Titled “China’s National Defense in the New Era,” the white paper emphasizes the PLA’s capacity and resolve to “liberate” the self-ruled island and bring it back into Beijing’s fold.
Taiwanese newspapers have revealed that Tsai intends to allocate more money for the procurement of US weaponry and lobby the Pentagon to sell it more fighter jets on top of the latest F-16 deal being processed. Her bid is to beef up the island’s defenses by winning over more politicians and arms contractors in the US, which is bound by law to protect its unofficial ally through arms sales and the transfer of technology.
Tsai’s rival, Han, has little experience in defense or diplomacy.
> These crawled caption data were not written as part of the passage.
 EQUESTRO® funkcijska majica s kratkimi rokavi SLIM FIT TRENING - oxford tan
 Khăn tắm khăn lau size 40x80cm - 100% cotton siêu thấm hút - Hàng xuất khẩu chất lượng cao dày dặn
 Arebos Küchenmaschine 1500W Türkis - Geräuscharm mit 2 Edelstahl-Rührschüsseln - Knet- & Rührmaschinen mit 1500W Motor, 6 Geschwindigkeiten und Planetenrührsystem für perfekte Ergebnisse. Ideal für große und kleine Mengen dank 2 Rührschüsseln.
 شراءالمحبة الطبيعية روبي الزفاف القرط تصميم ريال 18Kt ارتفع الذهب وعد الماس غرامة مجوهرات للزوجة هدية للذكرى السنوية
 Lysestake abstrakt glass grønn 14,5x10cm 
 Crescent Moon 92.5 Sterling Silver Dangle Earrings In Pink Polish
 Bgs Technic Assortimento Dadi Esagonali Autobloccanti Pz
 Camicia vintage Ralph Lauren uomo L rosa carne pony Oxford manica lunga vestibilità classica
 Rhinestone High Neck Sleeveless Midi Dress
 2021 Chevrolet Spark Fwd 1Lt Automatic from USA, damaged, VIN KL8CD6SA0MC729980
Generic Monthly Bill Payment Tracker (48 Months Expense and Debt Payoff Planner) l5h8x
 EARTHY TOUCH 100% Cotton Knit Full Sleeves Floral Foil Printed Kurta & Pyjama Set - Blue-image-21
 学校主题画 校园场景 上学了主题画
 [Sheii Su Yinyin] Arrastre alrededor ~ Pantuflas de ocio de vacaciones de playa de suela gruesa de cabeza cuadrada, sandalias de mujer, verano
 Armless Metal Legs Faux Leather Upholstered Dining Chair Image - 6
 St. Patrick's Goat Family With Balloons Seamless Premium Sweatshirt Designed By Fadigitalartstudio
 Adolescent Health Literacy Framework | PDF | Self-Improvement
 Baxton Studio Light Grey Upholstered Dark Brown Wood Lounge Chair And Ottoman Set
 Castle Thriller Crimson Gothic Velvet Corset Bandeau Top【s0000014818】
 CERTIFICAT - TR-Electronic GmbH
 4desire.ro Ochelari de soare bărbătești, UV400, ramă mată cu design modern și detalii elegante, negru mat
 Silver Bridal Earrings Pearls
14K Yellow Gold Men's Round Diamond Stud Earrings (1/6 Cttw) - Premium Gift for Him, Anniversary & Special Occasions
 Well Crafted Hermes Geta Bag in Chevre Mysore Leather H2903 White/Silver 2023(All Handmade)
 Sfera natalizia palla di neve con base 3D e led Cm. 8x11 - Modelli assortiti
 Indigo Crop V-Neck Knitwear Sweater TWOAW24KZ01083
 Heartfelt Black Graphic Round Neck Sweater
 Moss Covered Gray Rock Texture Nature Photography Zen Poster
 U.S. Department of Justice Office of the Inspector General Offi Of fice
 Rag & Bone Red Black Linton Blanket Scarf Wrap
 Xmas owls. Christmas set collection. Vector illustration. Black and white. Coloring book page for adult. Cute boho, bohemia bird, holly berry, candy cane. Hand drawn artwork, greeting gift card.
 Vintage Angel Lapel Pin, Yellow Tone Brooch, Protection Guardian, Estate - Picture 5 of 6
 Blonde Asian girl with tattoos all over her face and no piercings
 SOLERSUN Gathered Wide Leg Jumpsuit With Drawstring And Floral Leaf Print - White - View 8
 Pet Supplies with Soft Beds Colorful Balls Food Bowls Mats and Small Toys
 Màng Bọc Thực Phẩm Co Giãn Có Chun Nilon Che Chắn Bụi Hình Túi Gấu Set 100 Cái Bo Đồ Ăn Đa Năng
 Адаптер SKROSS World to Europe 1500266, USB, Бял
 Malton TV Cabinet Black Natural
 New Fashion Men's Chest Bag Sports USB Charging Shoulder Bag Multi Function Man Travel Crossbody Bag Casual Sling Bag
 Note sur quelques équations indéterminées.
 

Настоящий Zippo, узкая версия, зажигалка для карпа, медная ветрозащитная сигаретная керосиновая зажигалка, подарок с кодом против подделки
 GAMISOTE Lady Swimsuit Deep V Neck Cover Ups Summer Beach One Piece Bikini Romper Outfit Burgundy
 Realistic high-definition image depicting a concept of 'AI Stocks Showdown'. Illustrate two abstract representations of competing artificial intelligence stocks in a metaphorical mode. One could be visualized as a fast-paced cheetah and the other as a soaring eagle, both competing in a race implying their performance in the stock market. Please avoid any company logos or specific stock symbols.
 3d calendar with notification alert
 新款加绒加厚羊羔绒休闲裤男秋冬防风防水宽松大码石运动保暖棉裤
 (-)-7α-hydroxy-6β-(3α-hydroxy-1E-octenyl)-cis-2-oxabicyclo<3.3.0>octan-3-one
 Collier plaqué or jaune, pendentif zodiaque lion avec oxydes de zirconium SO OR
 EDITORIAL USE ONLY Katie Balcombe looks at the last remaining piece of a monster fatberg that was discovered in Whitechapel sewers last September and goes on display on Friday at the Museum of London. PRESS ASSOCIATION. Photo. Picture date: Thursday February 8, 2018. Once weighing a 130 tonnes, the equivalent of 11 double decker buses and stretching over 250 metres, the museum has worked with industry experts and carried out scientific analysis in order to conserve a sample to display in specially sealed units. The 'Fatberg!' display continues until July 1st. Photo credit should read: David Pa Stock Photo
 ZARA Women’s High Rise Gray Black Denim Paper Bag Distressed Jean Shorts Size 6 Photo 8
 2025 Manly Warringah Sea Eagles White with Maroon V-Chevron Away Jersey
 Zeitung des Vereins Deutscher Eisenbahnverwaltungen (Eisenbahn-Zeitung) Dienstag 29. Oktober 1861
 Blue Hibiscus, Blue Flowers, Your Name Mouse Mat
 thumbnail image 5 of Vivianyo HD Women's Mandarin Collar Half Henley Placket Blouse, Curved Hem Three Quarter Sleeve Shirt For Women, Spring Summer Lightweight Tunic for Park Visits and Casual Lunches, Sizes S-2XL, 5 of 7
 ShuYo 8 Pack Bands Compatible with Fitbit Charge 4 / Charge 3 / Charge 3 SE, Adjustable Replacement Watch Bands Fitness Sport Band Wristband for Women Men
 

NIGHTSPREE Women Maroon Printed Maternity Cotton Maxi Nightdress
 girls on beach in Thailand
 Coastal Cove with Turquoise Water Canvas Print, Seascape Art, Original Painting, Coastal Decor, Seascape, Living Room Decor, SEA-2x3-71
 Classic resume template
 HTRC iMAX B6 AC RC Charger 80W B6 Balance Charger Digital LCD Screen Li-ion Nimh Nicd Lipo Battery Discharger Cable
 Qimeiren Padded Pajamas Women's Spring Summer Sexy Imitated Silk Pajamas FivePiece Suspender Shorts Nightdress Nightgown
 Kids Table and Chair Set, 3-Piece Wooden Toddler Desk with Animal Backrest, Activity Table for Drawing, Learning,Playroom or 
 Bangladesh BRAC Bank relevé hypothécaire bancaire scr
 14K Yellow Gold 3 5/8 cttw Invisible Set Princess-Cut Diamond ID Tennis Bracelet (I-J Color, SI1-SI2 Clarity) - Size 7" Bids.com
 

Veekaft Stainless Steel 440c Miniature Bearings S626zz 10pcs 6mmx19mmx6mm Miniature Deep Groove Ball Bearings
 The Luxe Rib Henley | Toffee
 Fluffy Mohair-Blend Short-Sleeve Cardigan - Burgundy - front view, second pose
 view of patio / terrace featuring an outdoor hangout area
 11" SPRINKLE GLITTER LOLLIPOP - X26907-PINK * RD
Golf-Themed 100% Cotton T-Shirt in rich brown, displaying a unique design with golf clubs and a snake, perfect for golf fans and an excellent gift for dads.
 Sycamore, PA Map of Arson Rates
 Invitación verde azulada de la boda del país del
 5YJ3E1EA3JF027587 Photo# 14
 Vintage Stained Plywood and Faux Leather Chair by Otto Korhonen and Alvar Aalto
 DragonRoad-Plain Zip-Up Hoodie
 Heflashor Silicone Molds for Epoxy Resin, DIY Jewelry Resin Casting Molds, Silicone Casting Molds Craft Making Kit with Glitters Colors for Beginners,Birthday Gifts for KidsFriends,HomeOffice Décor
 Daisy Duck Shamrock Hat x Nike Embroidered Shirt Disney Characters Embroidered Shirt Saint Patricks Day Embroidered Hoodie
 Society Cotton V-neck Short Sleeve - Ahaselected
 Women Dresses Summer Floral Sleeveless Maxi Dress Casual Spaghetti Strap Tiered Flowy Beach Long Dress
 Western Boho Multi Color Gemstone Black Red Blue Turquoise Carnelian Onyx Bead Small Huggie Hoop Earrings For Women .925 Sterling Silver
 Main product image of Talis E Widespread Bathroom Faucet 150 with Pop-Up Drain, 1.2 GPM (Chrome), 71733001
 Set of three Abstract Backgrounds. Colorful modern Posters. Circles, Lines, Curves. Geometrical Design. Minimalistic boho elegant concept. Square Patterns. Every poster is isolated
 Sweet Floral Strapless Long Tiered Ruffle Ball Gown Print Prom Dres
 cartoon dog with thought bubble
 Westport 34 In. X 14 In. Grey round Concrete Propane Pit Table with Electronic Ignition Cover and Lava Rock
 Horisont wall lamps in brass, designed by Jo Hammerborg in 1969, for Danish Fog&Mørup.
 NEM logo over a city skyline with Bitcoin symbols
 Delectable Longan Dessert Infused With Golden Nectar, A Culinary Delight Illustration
The KMT populist favored by Beijing has talked up the prospect of more amicable ties with the mainland and even a “peace treaty” with Beijing, if he is elected, and has warned of an imminent war if Tsai gets another four years.
But Tsai is unfazed.
One of Tsai’s top aides told the island’s Central News Agency that her take on the cross-strait statue quo had always been that despite the PLA’s posturing (sea and air circumnavigations), Beijing is unlikely to start a war, now that it is entangled in an escalating trade conflict with the US and struggling to cope with a faltering economy and unrest in Hong Kong.
“Xi Jinping wants to take back Taiwan and leave a shining legacy of reuniting the Chinese territory, but he is bogged down by a host of other more pressing challenges and he has to at least postpone a war against Taiwan,” said the aide.
“Besides, he has not promised any kind of timetable or need to face any elections to deliver his promise [regarding Taiwan], and he can simply take his time now that he is ‘China’s president for life’, as long as Tsai refrains from declaring full independence, and the latter has no intention to do so in the next four years.”
Due to the obvious mismatch in size, the Taiwanese army has been employing a “hedgehog” strategy to deter the PLA from invading. But Tsai’s upcoming reelection platform will put more emphsasis on planning, researching and developing asymmetric “offset” tactics and weapons.
Still, the army and Taiwan’s domestic defense contractors have been prodding Tsai to allocate more money and talent for the development and manufacturing of indigenous assets including missiles, radars and attack speedboats.